Aim of the task:
Nothing but the lines from the start of the entries through the line containing "Band Tees ×" should appear in the answer, each given exactly.

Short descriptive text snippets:
--------------------------------

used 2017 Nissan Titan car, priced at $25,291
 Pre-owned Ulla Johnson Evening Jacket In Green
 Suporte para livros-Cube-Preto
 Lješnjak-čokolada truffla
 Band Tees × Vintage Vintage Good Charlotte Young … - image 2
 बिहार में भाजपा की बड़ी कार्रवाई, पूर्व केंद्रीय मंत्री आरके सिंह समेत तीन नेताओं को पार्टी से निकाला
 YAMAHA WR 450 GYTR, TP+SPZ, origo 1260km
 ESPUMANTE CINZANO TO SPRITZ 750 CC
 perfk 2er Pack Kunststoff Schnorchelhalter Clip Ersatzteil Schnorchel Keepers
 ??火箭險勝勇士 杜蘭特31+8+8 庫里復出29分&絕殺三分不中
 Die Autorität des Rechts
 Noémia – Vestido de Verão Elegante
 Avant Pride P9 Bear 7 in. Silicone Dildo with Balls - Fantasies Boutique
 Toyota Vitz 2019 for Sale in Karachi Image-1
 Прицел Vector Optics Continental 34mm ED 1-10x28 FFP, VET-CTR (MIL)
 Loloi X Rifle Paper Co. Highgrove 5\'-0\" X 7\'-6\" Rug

--------------------------------

Completed exercise:
used 2017 Nissan Titan car, priced at $25,291
 Pre-owned Ulla Johnson Evening Jacket In Green
 Suporte para livros-Cube-Preto
 Lješnjak-čokolada truffla
 Band Tees × Vintage Vintage Good Charlotte Young … - image 2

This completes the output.